Le ridicole pose da macho, infine, andranno a minare inevitabilmente la credibilità dell'artista, smorzando l'entusiasmo anche a coloro che sarebbero stati disposti a fare un bel tuffo nel passato.
Eppure Danzig, personaggio eccessivo e al di fuori di ogni compromesso, ci consegna una musica genuina, autentica, spontanea, figlia della sua controversa personalità, a metà strada fra un santone, un palestrato ed uno stronzo!
Perché in realtà Danzig non ha mai rinnegato se stesso, Danzig è sempre stato Danzig.
Il Danzig punk, il Danzig dark, il Danzig rocker, il Danzig bluesman, il Danzig metallaro, il Danzig elettronico, il Danzig industriale, il Danzig nu-metal, il Danzig compositore classico sono manifestazioni sempre e solo ed unicamente del medesimo Danzig: un bellimbusto senza tempo e fuori dai generi, tracotante, grottesco, visionario cantore e prigioniero del suo piccolo-grande mondo poetico, delle sue piccole-grandi ossessioni, delle sue piccole-grandi perversioni.
Nell'88 esce così il primo capitolo della saga solista, un discreto album rock, forse un po' acerbo, ma rozzo ed efficace.
Dal passato dei Misfits vengono ereditate sostanzialmente le intemperanze vocali e le tematiche macabre.

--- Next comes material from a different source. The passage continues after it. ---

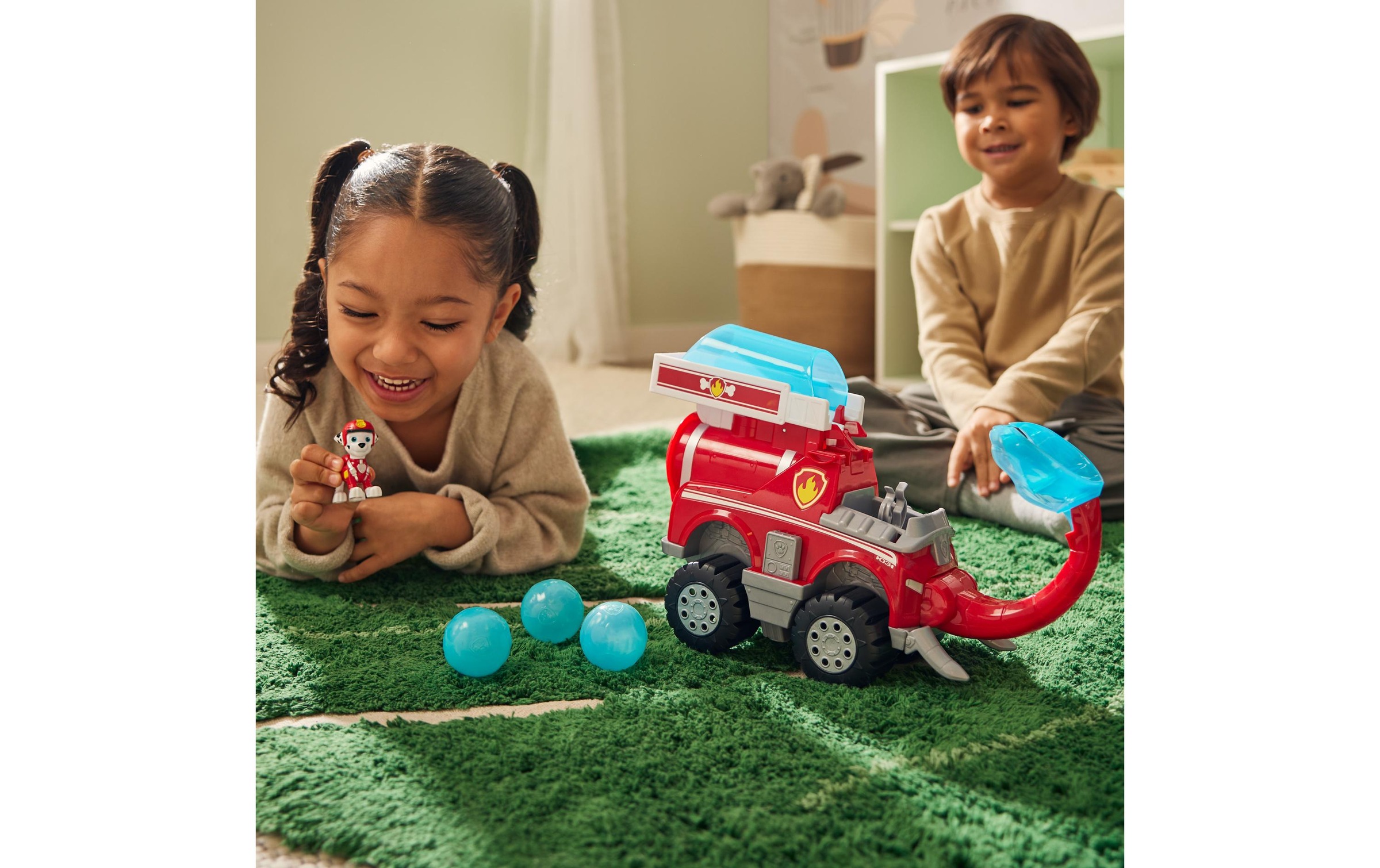 Spielwelt »Spinmaster Paw Patrol Marshall Deluxe Vehicle«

Tematiche che non vengono più attinte dall'immaginario della filmografia trash, dalla letteratura pulp o dal mondo dei fumetti, bensì rilette e rielaborate in un'ottica decisamente più spirituale ed esistenziale, sulla falsa riga degli sciamani del rock degli anni settanta.
E se non avete ancora chiaro di cosa si sta parlando, prendete per i capelli gli AC/DC, sbatacchiateli a ripetizione contro il muro finché tutte le ossa saranno frantumate, sfilate loro la spina dorsale ed inzuppateli infine in uno stagno maleodorante di sangue, merda e cadaveri in putrefazione.
Una spruzzatina d'incenso finale ed avrete ottenuto i Danzig.
John Christ (chitarra), Chuck Biscuits (batteria) ed il redivivo Eerie Von (basso - ereditato dall'era Samhain), lungi dall'essere musicisti eccezionali, compongono l'ensemble ideale per accompagnare il taurino singer nella sua discesa negli Inferi: non troppo virtuosi né troppo carismatici, i tre svolgono il loro compito con semplicità, senza andare a ledere l'ego straripante del capoccia, contribuendo così a confezionare brani avvincenti e a volte immortali. Come nel caso di "Mother" (classico per eccellenza del Danzig solista ed apice assoluto della sua carriera) e di "Am I Deamon", cavalcata sabbathiana che proietta il Nostro nei territori dell'heavy metal più roccioso e conturbante.
Ma anche gli altri brani non scherzano.
"Twist of Cain" apre le danze zoppicando, all'insegna di tempi fiacchi, chitarra asfittica e un Danzig (come sempre) invasato, fuori luogo, intento a spolmonarsi e ad investirci con il suo vocione baritonale.
Fin dalle prime note è chiaro che non ci si trova innanzi ad un John Bonham o un Jimmy Page (quanto lungi...), tuttavia il pezzo funziona ed è già in grado di incarnare il prototipo del brano heavy-rock tipico della prima fase artistica del Danzig solista.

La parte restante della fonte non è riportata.